Exhibit 4.2
                                                                    -----------

                  CONSENT ACTION OF THE BOARD OF DIRECTORS OF
                             GLOBAL E TUTOR, INC.,
                            a Delaware corporation

         The undersigned, representing all the members of the Board of Directors
of Global E Tutor, Inc., a Delaware corporation (the "Company") do hereby
consent to and adopt the following resolutions, effective September 12, 2000.

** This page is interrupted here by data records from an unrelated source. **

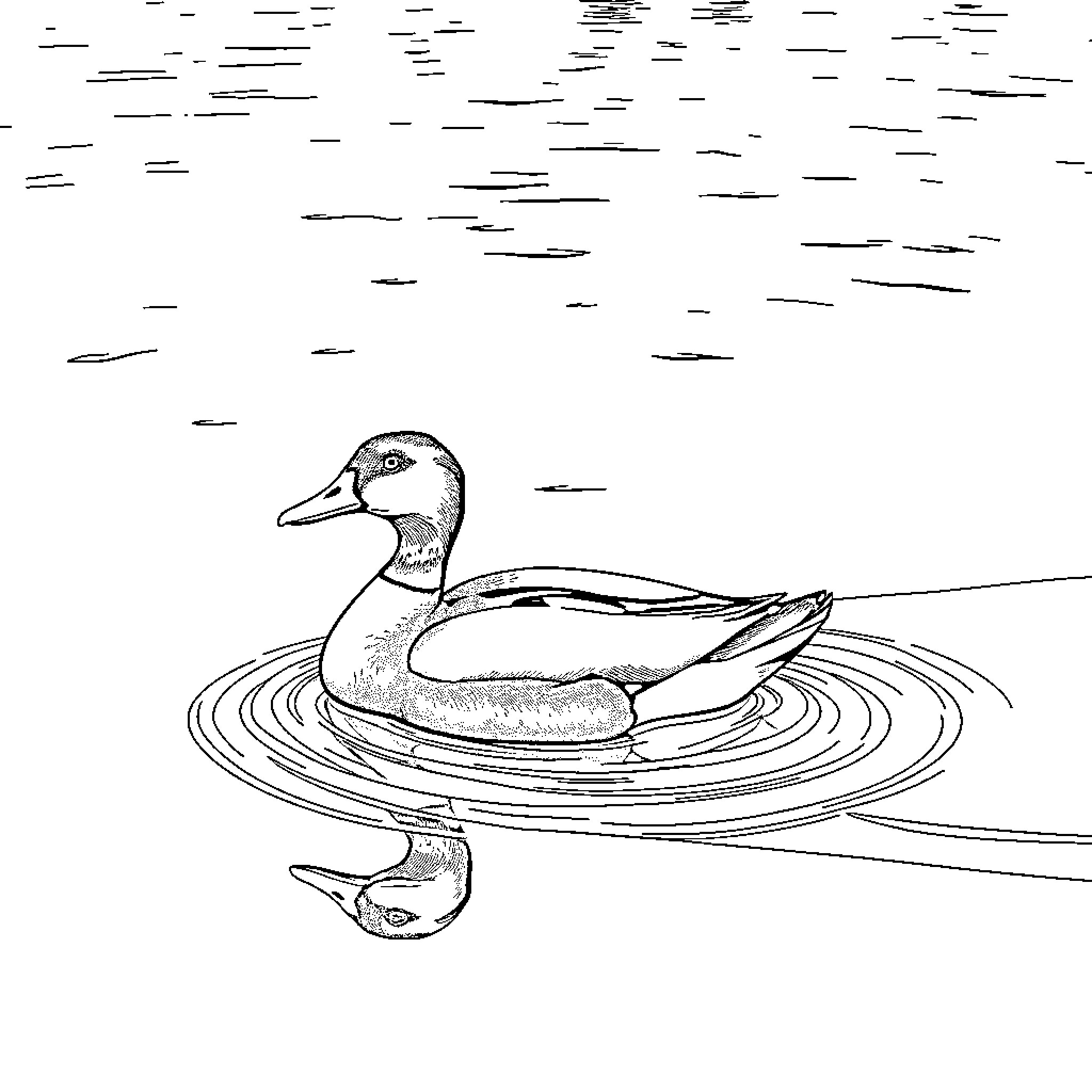 Duck swimming calmly in the pond Coloring Page (free black-and-white line drawing printable PDF for all, from beginners to advanced learners, including children, teens, adults, and seniors)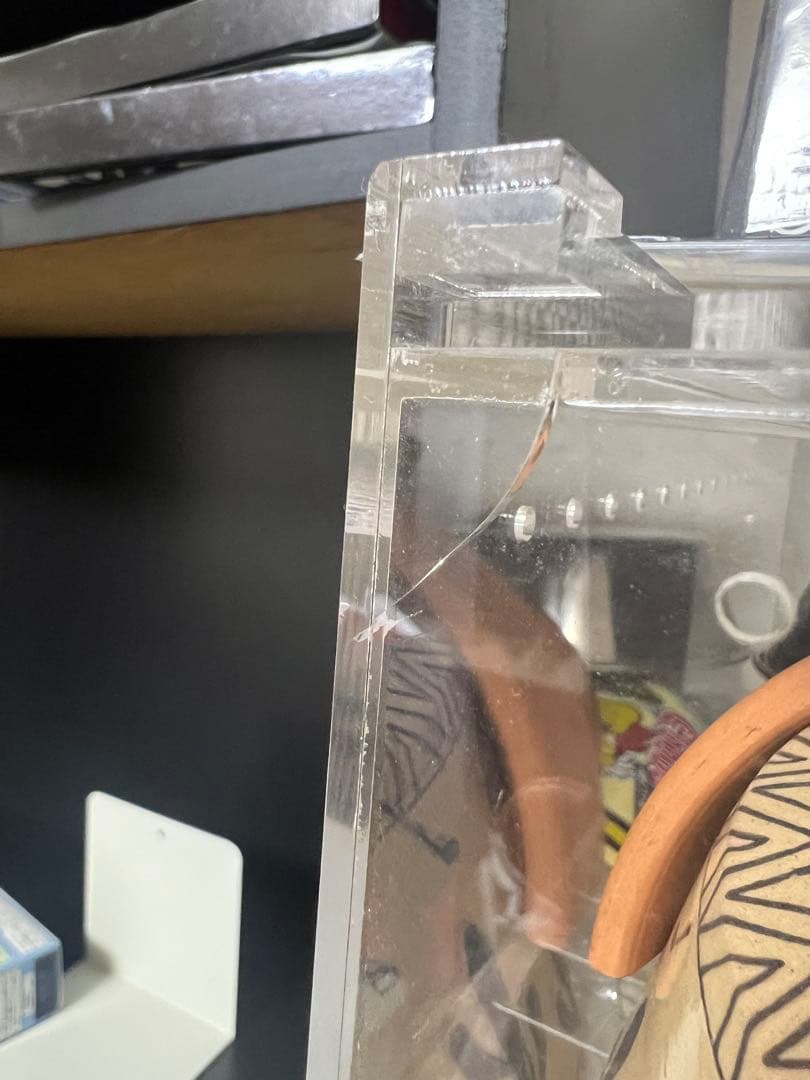 爬虫類飼育スターターセット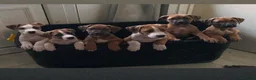Mixed Breed dogs for sale: Ridgeback/American terrier/ english bulldog mix  in Coventry - Advert 28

                      Appointment to the Board of Directors
                      -------------------------------------

         WHEREAS, the Board of Directors of the Company desires to appoint
members to fill certain vacancies;

         NOW, THEREFOR, BET IT RESOLVED, that the Board of Directors hereby
appoints William Cole Smith as a member of the Board of Directors of the Company
to serve until such time as he may resign, is removed or a replacement is
elected; and

               Appointment of the Acting Chief Technology Officer
               --------------------------------------------------

         WHEREAS, the Board of Directors of the Company has considered the
experience, talents, commitment and suitability of Mr. William Cole Smith and
decided that Mr. Smith is well qualified to serve as Acting Chief Technology
Officer of the Company.

         NOW, THEREFORE, BE IT RESOLVED, that the Board of Directors of the
Company hereby appoints Cole Smith to be Acting Chief Technology Officer to
serve until such time as he may resign, is removed or a replacement is
appointed;

                               Stock Option Grants
                               -------------------

         WHEREAS, the Board of Directors wishes to motivate and create
incentives to employees, directors, and consultants to increase the value of the
Company; and

         WHEREAS, the Board of Directors wishes to make certain grants to
William Cole Smith in connection with his appointment as a Director.

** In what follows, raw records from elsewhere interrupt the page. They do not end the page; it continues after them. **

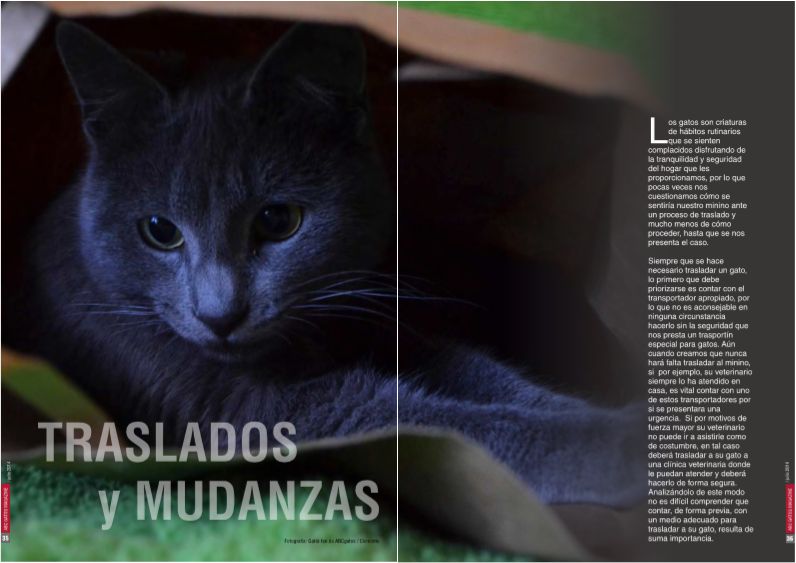 Traslados y mudanzas de gatos.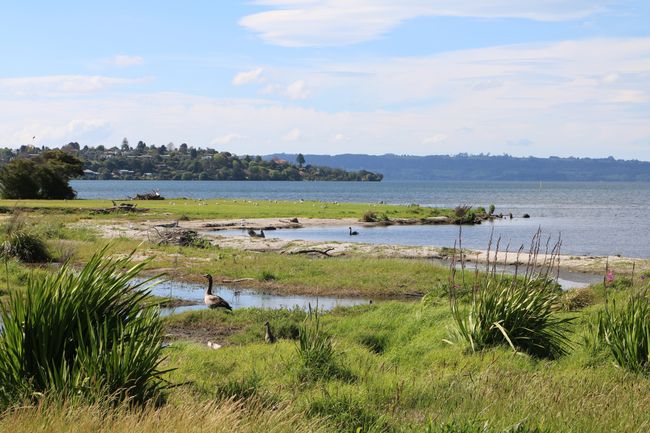 Die neuseeländische Vogelwelt am Lake Rotorua genießt die Sonne 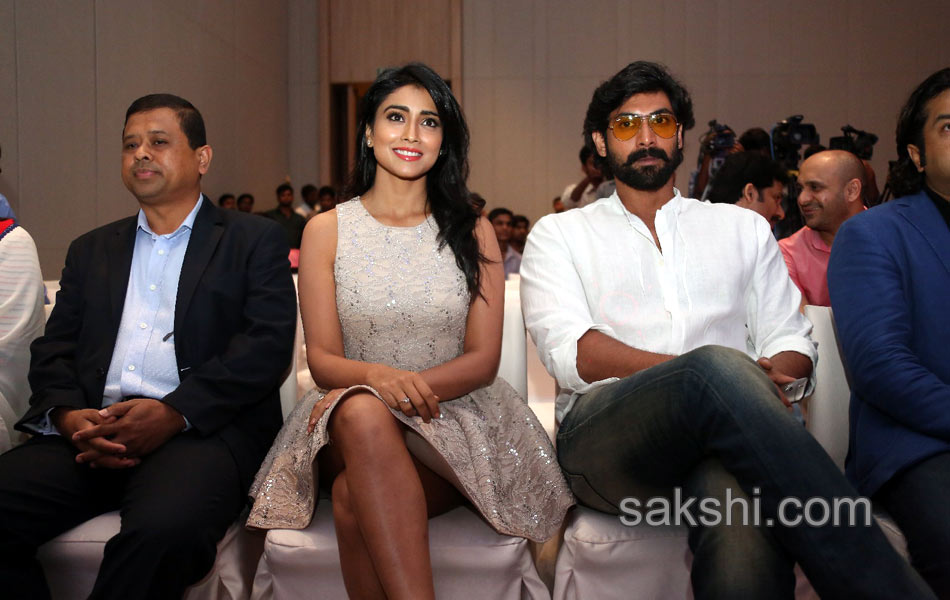 SIIMA Awards Curtain Raiser Press Meet - Sakshi8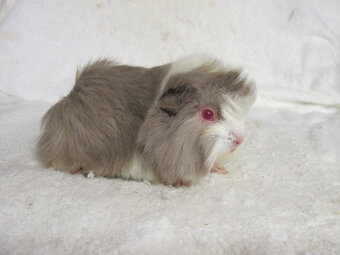 Morčata peruánská hledají nové páníčky - 4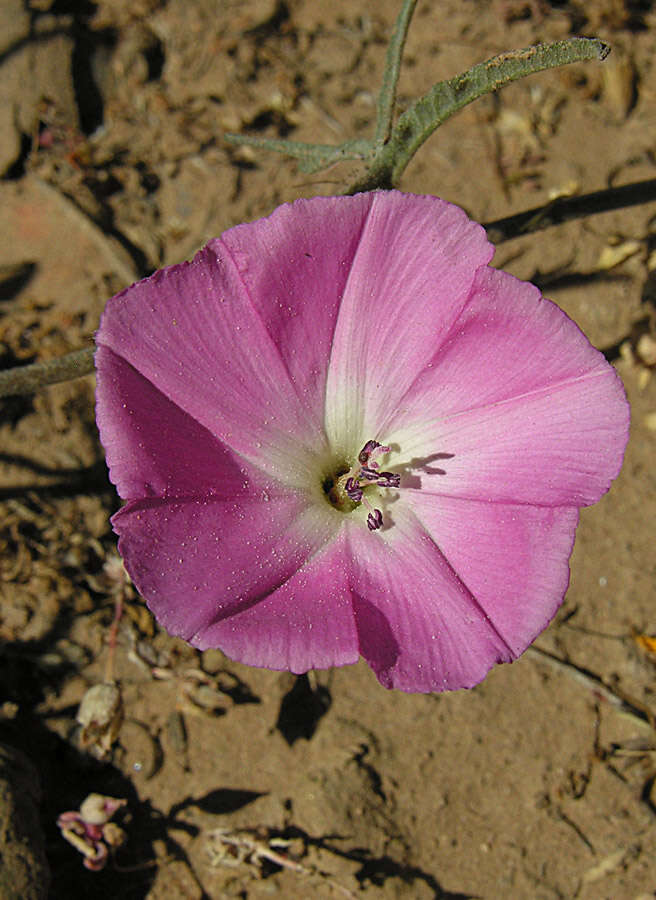 Image de Convolvulus chilensis Pers.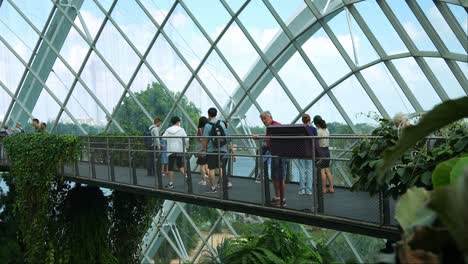 Tourists-walking-on-the-aerial-walkway-of-the-cloud-forest-greenhouse-conservatory-at-Gardens-by-the-bay-in-Singapore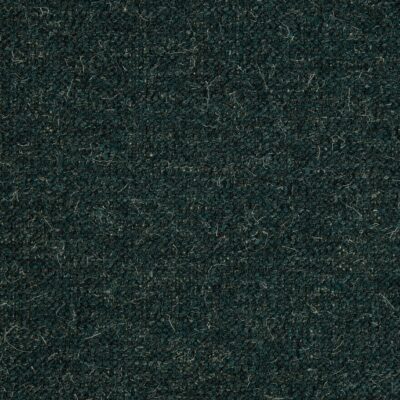 ZUCCHEROSO – LAGOON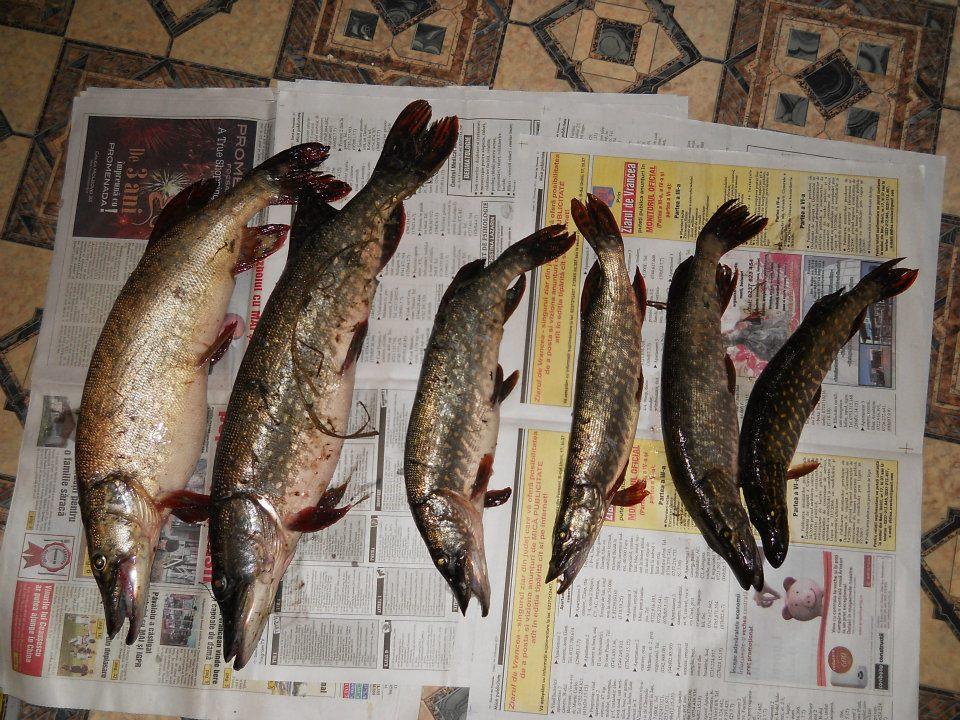 pescuit - 3109221763446757860171888456119n.jpg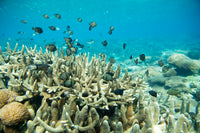 Plant Coral SeaTrees in Bali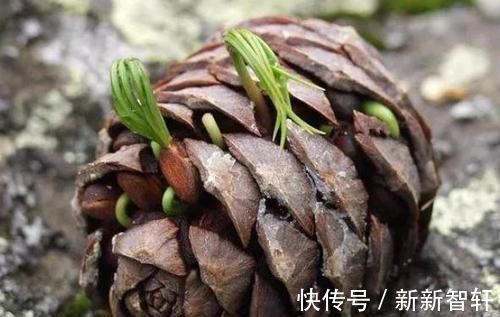 多捡些松果带回家，一处理埋土里，轻松长成精致的绿植盆景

         NOW, THEREFORE, BE IT RESOLVED, that the Board of Directors does hereby
approve the issuance of the Incentive Stock Options ("ISO's") and Non-Qualified
Stock Options ("NQSO's") to the employees, directors, and consultants of the
Corporation at an exercise price of $1.00 per share as indicated on Exhibit A
                                                                    ---------
hereto.

         FURTHER RESOLVED, that any act taken or deed done by any director,
officer or agent of the Company in accordance with any of the above resolutions
or to facilitate the actions contemplated by the resolutions is hereby approved,
ratified, confirmed and adopted; and that the directors, officers, and agents of
the Company are authorized to take and do such further acts and deeds, and to
execute and deliver, for and in the name of the Company,



such other documents, papers, and instruments as they deem to be necessary,
appropriate, advisable or required in order to effectuate the purpose and intent
of the resolutions and to consummate the actions contemplated by the
resolutions, and the taking of any such acts and deeds, and the execution and
delivery of any such documents, papers and instruments are hereby approved,
ratified, confirmed and adopted;


               Effective September 12, 2000.

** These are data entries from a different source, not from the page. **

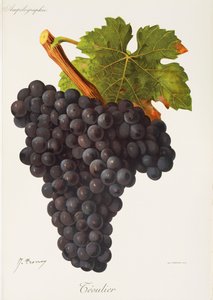 Uva Teoulier de J. Troncy de Jules Troncy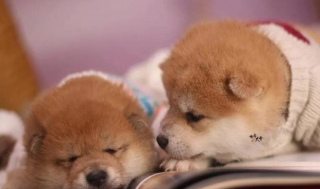 養柴知識｜養柴犬是高消費嗎？養一只柴犬需要花多少錢？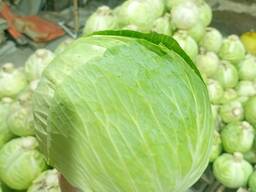 Капуста белокачанная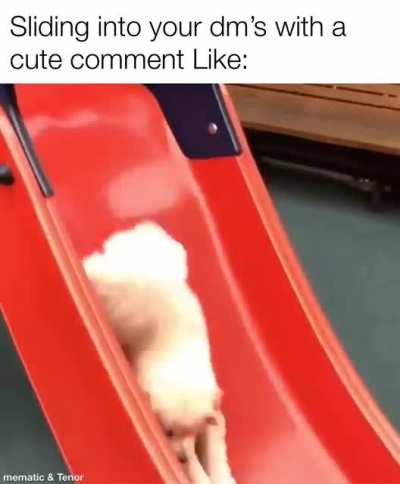 But she liked puppies yesterday?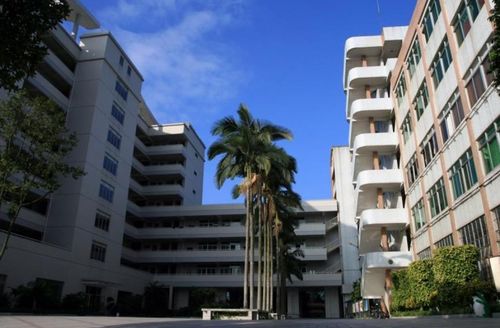 廣州有哪些高職大學 多少分可以報廣州高職高考學校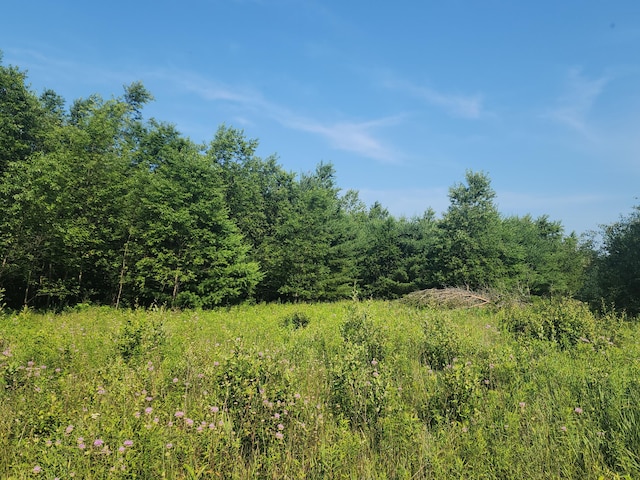 2600 W Fowler Rd, Barton City, MI 48705 - photo 9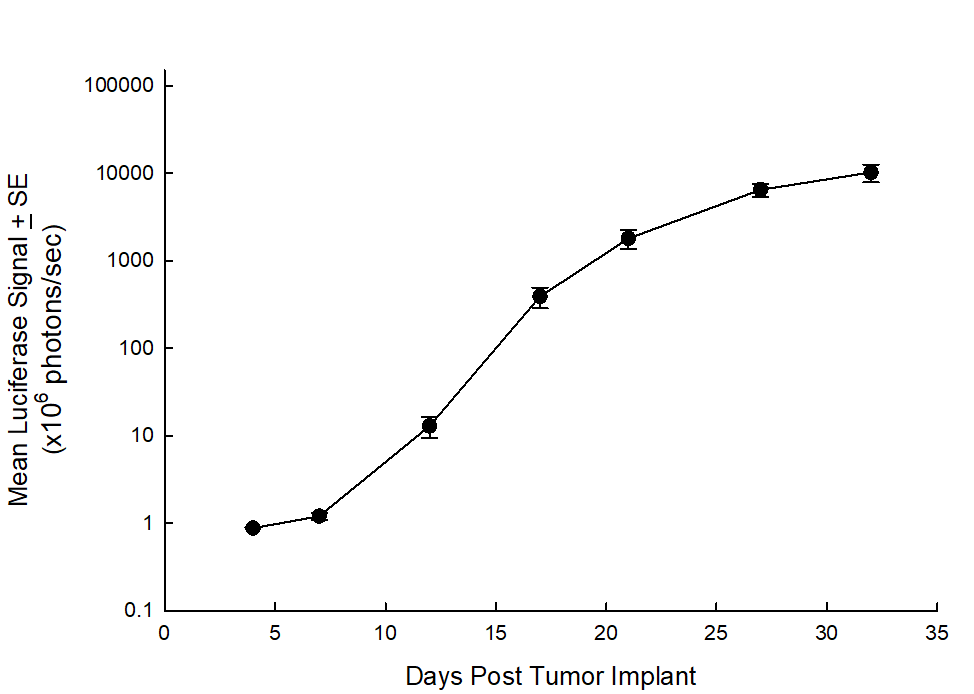 Reh (pMMP-Luc-Neo) Human B Cell (Acute Lymphocytic) Leukemia Growth Chart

                                                     /s/ Jerry L. Barton
                                                     ------------------------
                                                     Jerry L. Barton

                                                     /s/ James W. Lewis
                                                     ------------------------
                                                     James W. Lewis

                                                     /s/ Thomas E. McMurrain
                                                     ------------------------
                                                     Thomas E. McMurrain

                                                     /s/ Claes Nobel
                                                     ------------------------
                                                     Claes Nobel



                                   Exhibit A
                                   ---------


                                              Type of       Number
Name                         Position         Option        of Shares      Vesting*      Plan**
- ----                         --------         ------        ---------      -------       ----
                                                                          
William Cole Smith           Director          NQSO          250,000         50%          SIP



*        Vesting is the designated percentage per year of uninterrupted service
         for the Company measured from the date of grant.

**       "SOP" means the Global E Tutor, Inc. Stock Option Plan. SIP means the
         Global E Tutor, Inc. 2000 Stock Incentive Plan.